▸ **What you have to do**
Could you restate word for word every line from the one containing "21364 Burr Oak Rd, Harvard, IL 60033" to the end of the data below, pictures excluded?

▸ **Material for this exercise**

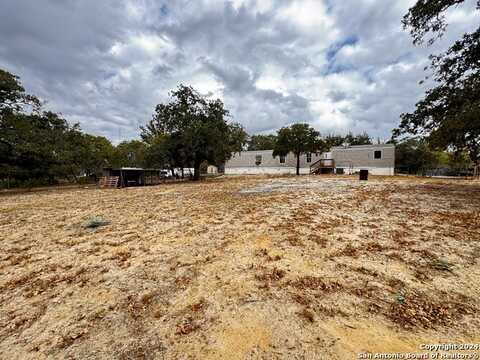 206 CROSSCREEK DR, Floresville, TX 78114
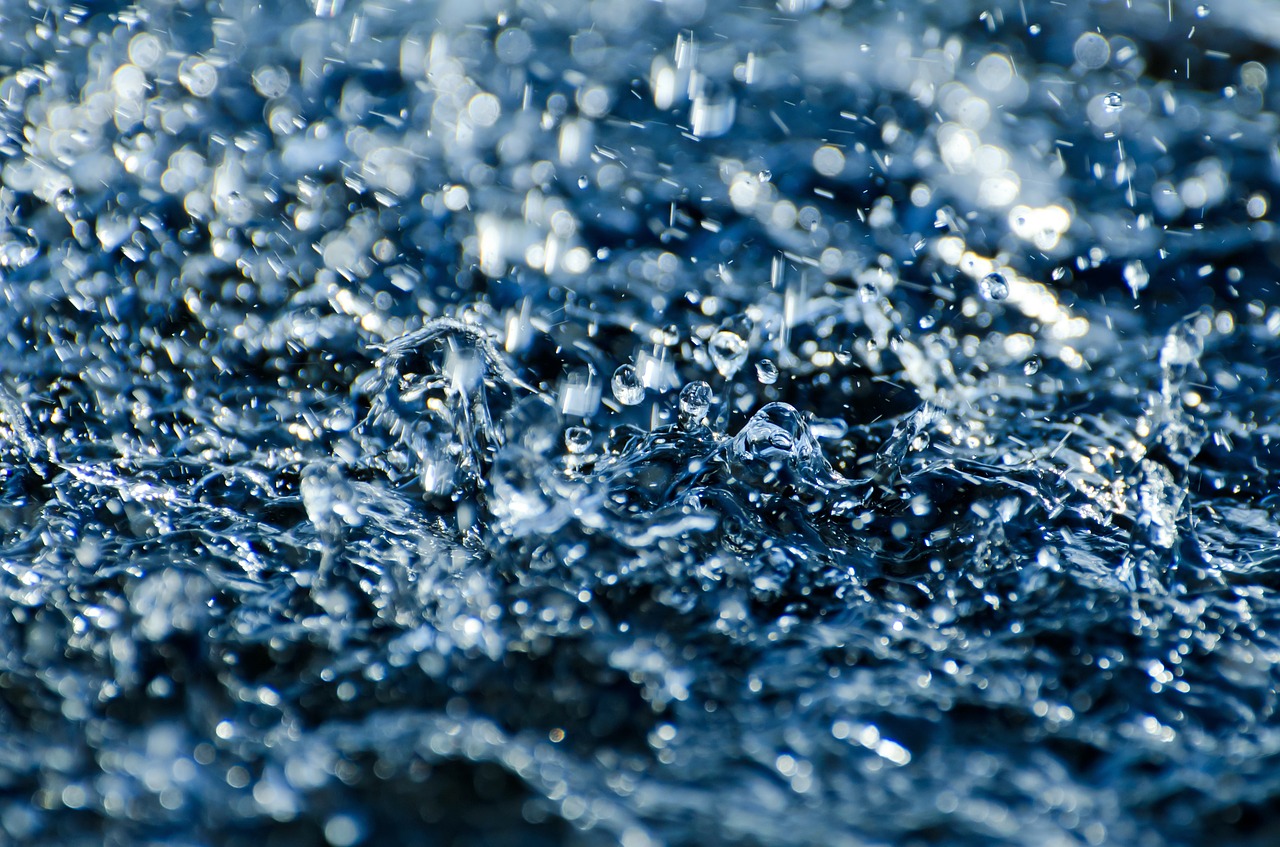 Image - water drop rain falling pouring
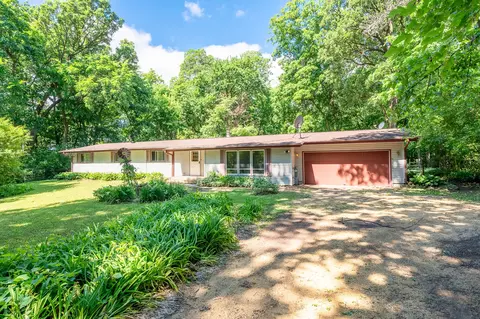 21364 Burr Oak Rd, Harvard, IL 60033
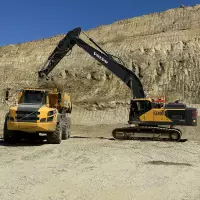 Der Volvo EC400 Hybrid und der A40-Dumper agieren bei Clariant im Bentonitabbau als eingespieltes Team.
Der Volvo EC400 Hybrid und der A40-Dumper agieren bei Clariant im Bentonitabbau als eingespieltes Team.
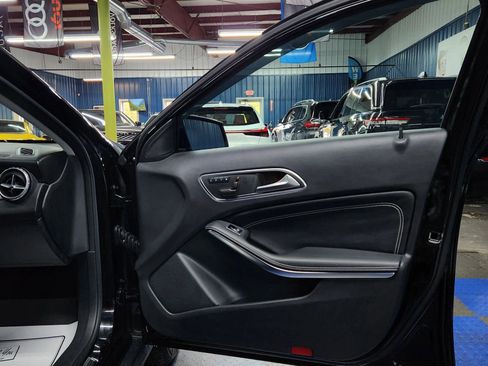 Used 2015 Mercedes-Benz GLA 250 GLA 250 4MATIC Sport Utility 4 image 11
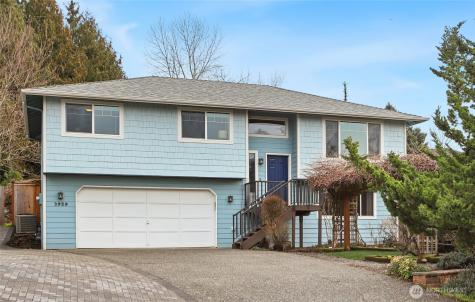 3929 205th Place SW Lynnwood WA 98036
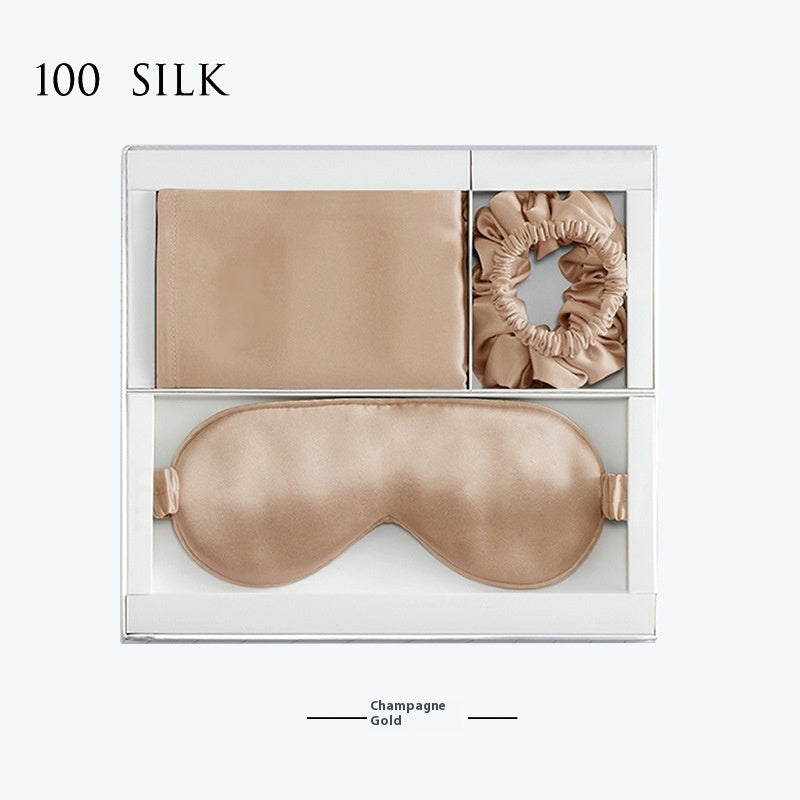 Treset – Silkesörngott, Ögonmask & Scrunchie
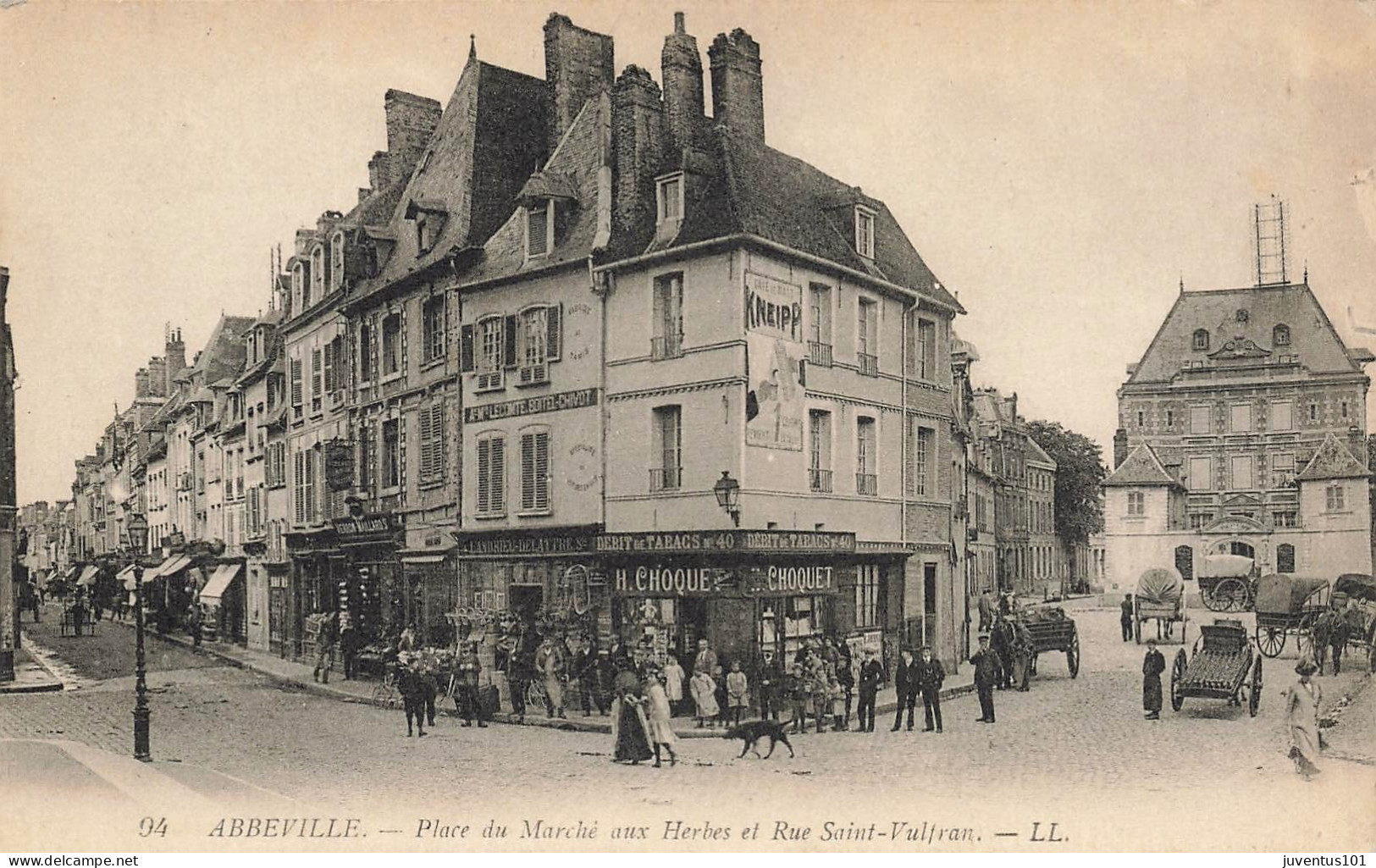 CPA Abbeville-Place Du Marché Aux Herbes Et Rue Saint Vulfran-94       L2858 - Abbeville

▸ **Reply to the exercise**
 21364 Burr Oak Rd, Harvard, IL 60033
 Der Volvo EC400 Hybrid und der A40-Dumper agieren bei Clariant im Bentonitabbau als eingespieltes Team.
Der Volvo EC400 Hybrid und der A40-Dumper agieren bei Clariant im Bentonitabbau als eingespieltes Team.
 Used 2015 Mercedes-Benz GLA 250 GLA 250 4MATIC Sport Utility 4 image 11
 3929 205th Place SW Lynnwood WA 98036
 Treset – Silkesörngott, Ögonmask & Scrunchie
 CPA Abbeville-Place Du Marché Aux Herbes Et Rue Saint Vulfran-94       L2858 - Abbeville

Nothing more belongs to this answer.